Update: This code has been open sourced

Treating C# Like A Scripting Language

Friday, January 2nd, 2009

Creating code on the fly

One thing that I like about scripting languages is their ability to dynamically modify code during runtime. Ruby and JavaScript, for example, both give you the ability to load in code directly from a string and execute it as part of your program. While that sort of thing can be dangerous, it also gives you access to some really fun metaprogramming techniques.

While working on a simple DSL for one my ASP.NET sites, I started to wonder if C# had some similar functionality that I could take advantage of. In particular, I wanted to load in C# code from a file and execute the code inside of it. What I found was that C# does indeed have the ability to accomplish this task, albeit in sort of an ugly way.

Using C# to compile C#

Most scripting languages give you a function that allows you directly evaluate a block or raw string of code as soon as it’s encountered. Because C# is a compiled language, it’s a little bit more complicated. The C# code needs to be compiled into an assembly before it can be used. And then classes from the compiled code can be instantiated directly from the assembly.
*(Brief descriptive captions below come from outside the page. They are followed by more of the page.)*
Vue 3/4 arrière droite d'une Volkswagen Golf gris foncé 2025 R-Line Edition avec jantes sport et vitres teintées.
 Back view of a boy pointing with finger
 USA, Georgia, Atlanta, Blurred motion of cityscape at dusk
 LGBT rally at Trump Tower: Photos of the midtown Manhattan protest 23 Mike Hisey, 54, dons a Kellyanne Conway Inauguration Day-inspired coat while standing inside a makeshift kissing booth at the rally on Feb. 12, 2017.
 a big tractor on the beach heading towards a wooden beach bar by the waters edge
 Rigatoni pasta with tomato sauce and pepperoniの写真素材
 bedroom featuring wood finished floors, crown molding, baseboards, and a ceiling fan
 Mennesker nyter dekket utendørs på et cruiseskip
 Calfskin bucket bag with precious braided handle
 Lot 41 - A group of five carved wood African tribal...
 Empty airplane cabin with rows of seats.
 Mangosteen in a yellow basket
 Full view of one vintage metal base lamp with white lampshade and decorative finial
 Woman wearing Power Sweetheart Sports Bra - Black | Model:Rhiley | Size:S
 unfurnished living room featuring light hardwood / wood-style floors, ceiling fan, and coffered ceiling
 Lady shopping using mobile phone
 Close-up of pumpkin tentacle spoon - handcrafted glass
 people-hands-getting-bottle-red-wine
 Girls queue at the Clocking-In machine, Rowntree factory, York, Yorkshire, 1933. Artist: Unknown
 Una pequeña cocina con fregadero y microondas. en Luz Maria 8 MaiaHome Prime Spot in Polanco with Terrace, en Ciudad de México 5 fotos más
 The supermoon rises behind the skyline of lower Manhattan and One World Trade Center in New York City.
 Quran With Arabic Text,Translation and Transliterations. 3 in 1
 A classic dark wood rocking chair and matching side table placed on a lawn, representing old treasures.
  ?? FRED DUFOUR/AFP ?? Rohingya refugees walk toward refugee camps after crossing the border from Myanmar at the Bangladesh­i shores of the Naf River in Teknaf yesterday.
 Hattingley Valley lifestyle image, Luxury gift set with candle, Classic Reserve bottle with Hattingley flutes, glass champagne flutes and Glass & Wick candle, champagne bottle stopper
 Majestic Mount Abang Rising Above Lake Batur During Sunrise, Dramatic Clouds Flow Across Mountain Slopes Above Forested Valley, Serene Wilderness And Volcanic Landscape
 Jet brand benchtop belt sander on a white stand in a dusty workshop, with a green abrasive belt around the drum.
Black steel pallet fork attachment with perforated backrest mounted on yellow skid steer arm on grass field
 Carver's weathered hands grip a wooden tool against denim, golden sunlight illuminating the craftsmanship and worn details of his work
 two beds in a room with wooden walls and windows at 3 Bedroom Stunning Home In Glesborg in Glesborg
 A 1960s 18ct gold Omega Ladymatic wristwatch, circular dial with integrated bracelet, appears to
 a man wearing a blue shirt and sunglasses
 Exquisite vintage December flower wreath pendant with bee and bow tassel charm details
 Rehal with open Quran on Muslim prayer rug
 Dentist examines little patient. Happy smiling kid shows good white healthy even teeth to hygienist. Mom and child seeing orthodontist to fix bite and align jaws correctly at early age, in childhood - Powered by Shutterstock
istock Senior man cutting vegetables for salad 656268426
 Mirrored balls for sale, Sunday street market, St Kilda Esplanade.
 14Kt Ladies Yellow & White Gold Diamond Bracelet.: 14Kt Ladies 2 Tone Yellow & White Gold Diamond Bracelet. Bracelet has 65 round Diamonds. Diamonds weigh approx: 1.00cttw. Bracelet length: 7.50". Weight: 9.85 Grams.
C# code can be compiled on the fly with an instance of the CSharpCodeProvider class (there’s a similar class for VB.Net as well). Additionally, you can create an instance of the CompilerParameters class, which contains a collection of parameters that will be used when compiling your code. In the example below, I’m creating a new C# compiler and a set of parameters that will tell it not to create an assembly file, but to instead compile the new assembly in memory. I also tell the compiler to include System.dll as a reference assembly.

C#
// Create a new instance of the C# compiler
var compiler = new CSharpCodeProvider();

// Create some parameters for the compiler
var parms    = new System.CodeDom.Compiler.CompilerParameters
{
    GenerateExecutable      = false,
    GenerateInMemory        = true
};
parms.ReferencedAssemblies.Add("System.dll");

Once a C# compiler has been created, you can use it to compile raw source into an assembly. CSharpCodeProvider allows you to compile code from a variety of sources. In the example below, I’m using the CompileAssemblyFromSource method to compile my code directly from an array of strings. CompileAssemblyFromSource will look at the code provided and return an instance of the CompilerResults class.

C#
// Try to compile the string into an assembly
var results = compiler.CompileAssemblyFromSource(parms, new string[]
{@" using System;

    class MyClass
    {
        public void Message(string message)
        {
            Console.Write(message);
        }               
    }"});

One thing to note is that the compilation method will complete regardless of whether or not the code has compiled successfully. To make sure you code has compiled, you need to check the Errors collection that is part of the CompilerResults instance returned by CompileAssemblyFromSource. If there were no errors, the code was compiled successfully and you can begin using the assembly.

Using the compiled code

Once your code is compiled into an assembly, you can use that assembly to create instances of classes from your source code and use reflection to invoke methods and get and set properties of those classes. In the example below, I’m creating an instance of MyClass and storing it as an object. I’m then using reflection to invoke the Message method on the class.

C#
// If there weren't any errors get an instance of "MyClass" and invoke
// the "Message" method on it
if (results.Errors.Count == 0)
{
    var myClass = results.CompiledAssembly.CreateInstance("MyClass");
    myClass.GetType().
            GetMethod("Message").
            Invoke(myClass, new []{ "Hello World!" });
}

It’s not exactly pretty, but it gets the job done. Scripting languages make it much easier to accomplish this sort of task, but it’s still nice to see that it can be done in C#.